Back during the Great Alt.country Scare of the 1990s, the Bottle Rockets were stars. The Festus, Missouri quartet’s blue-collar roots rock quickly found favor with the No Depression audience, revered nearly as much as Uncle Tupelo and its offshoots – no coincidence, given that Rockets leader Brian Henneman roadied for Tupelo, performed on its revered March 6-10, 1992 and played lead guitar on the first Wilco album.

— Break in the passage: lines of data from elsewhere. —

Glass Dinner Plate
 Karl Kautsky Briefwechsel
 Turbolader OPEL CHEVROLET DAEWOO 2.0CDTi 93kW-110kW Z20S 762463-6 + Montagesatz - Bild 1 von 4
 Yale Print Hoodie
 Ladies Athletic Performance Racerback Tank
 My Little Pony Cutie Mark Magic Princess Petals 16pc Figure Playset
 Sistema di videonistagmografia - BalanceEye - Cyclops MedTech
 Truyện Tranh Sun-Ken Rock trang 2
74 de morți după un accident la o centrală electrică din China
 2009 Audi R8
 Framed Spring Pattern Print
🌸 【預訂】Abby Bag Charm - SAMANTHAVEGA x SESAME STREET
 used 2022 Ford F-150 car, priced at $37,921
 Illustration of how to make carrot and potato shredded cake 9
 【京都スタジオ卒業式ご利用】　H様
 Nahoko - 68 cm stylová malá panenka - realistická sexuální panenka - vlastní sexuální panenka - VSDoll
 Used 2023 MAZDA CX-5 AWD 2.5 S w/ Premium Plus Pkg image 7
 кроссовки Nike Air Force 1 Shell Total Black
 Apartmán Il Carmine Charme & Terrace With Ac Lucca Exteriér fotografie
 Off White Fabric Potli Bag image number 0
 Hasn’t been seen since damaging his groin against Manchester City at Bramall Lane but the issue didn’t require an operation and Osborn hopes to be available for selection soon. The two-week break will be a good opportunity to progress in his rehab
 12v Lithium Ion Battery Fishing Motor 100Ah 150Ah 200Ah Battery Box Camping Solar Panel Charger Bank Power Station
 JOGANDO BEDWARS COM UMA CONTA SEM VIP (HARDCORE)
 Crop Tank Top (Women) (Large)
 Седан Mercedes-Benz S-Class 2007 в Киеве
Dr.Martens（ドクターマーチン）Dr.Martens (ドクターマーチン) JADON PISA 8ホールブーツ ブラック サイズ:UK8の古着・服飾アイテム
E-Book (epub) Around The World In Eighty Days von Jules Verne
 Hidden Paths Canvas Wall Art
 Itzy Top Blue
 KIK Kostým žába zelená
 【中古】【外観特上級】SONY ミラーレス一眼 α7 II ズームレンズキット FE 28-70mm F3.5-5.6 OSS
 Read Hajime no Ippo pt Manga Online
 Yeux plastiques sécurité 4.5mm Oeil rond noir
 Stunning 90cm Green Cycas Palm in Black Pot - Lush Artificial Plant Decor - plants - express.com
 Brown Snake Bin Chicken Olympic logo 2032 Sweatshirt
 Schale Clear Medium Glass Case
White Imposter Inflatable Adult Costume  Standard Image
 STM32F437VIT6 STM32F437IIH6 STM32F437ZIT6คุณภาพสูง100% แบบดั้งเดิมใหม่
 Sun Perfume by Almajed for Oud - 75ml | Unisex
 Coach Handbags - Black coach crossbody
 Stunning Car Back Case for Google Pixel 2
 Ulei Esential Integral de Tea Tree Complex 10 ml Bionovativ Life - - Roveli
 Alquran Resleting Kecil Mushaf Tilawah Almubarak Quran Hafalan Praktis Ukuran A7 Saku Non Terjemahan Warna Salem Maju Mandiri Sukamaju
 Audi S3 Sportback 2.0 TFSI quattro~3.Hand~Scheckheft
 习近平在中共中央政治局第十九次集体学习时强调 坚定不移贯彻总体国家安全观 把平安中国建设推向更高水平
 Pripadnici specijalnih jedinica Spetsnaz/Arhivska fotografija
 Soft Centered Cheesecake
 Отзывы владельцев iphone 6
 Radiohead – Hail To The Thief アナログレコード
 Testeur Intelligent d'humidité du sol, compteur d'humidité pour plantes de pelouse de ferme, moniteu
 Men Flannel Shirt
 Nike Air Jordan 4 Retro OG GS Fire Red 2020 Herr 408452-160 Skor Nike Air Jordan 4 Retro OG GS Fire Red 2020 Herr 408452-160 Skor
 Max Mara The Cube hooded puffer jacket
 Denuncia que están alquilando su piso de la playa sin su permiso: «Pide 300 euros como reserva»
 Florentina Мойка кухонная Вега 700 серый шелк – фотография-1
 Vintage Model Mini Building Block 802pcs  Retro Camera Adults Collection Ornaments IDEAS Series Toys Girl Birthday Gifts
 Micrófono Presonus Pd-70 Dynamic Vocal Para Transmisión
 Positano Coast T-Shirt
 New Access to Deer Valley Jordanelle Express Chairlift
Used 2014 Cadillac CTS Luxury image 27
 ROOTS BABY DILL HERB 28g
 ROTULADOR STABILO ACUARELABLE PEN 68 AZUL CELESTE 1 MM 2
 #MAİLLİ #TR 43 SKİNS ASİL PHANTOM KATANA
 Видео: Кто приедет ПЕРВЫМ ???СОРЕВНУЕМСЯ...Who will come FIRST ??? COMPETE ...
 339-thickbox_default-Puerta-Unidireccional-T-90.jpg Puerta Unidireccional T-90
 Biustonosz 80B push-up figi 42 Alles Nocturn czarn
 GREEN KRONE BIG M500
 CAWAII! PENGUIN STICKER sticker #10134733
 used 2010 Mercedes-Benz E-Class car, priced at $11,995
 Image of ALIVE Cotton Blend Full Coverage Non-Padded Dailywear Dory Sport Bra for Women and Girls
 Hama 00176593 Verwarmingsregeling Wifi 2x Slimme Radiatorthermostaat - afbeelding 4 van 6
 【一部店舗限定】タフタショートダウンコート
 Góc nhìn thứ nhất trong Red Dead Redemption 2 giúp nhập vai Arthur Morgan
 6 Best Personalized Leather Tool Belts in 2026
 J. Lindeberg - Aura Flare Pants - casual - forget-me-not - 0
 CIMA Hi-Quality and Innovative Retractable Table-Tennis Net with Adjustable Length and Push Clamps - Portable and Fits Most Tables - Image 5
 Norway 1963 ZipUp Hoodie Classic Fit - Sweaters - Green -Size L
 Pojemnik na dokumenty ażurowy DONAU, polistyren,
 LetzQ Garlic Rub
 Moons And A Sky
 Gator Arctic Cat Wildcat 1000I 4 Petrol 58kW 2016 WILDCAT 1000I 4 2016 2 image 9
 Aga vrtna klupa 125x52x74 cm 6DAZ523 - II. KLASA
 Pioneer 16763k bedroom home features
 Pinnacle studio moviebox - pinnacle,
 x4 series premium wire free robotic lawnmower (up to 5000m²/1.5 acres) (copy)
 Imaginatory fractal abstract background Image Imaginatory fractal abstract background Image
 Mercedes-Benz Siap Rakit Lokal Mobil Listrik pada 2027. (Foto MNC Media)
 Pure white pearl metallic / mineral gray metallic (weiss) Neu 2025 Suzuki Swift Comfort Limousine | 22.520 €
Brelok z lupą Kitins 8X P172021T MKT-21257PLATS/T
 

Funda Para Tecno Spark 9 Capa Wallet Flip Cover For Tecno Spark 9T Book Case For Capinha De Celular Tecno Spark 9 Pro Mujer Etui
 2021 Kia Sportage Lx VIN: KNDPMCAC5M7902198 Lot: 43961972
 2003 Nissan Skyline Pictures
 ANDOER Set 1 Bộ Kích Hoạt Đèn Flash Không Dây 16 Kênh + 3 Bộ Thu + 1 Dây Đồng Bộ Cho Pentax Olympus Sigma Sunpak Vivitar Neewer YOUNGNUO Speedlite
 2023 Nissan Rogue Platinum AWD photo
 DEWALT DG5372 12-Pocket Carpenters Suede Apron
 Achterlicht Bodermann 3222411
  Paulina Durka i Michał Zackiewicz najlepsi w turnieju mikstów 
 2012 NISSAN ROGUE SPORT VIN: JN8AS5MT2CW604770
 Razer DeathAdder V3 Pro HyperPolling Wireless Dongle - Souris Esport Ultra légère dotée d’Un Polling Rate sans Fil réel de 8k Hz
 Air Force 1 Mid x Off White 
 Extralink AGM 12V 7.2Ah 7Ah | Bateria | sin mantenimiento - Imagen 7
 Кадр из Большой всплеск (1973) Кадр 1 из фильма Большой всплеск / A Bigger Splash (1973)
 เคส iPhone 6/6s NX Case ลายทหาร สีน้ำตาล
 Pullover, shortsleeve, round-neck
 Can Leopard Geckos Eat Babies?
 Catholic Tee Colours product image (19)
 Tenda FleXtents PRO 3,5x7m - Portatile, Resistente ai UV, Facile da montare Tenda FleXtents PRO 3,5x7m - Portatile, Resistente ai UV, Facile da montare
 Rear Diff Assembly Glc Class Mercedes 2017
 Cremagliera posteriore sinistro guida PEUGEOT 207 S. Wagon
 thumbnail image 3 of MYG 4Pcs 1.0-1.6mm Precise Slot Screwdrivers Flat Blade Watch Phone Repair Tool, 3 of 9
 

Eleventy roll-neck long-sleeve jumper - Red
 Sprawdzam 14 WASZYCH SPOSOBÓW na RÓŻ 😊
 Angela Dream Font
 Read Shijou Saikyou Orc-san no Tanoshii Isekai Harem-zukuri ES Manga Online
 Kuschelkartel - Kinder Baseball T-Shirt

With an aesthetic that rediscovered the guitar-powered dynamics of Southern rock even as it kept the honkytonk faith, the Bottle Rockets quickly carved out their own path in the burgeoning Americana scene, one that celebrated rock & roll power as much as whip-smart storytelling.
The band’s first two LPs, originally released by the long-gone ESD label and reissued this month by the venerable Bloodshot Records as a double-disk set, remain its best. First put out in 1992, The Bottle Rockets lays out the group’s agenda. The combo shows off its easy mastery of various roadhouse styles, from Guthriesque folk (“Early in the Morning”), melancholy folk rock (“Got What I Wanted”) and skillet-licking country (“Every Kinda Everything”) to brash rock & roll (“Gas Girl”), heartbroken grunge (“The Very Last Time”) and blistering cowpunk (“Rural Route”). Henneman deftly combines a quick-witted penchant for wordplay with a troubadour’s plain speaking, letting his hooks and the band’s thick guitars do the talking when words just aren’t enough. The record’s most celebrated tunes still sound the most relevant: the melancholy, melodic “Kerosene” takes on the tragic end of an impoverished family, while the crunching “Wave That Flag” takes Confederate wannabes to task with barely-contained rage.
The Bloodshot edition also includes a heap of demos, both Henneman solo and with Rockets predecessor Chicken Truck. Fans will enjoy hearing nascent versions of future Rockets staples “Get Down River,” “Indianapolis” and “Radar Gun,” as well as tunes left behind, like “White Trash” and “Wallflower.” Best of all: a spitfire early version of “Coffee Monkey” and a very different take on the self-titled LP’s “Manhattan Countryside.”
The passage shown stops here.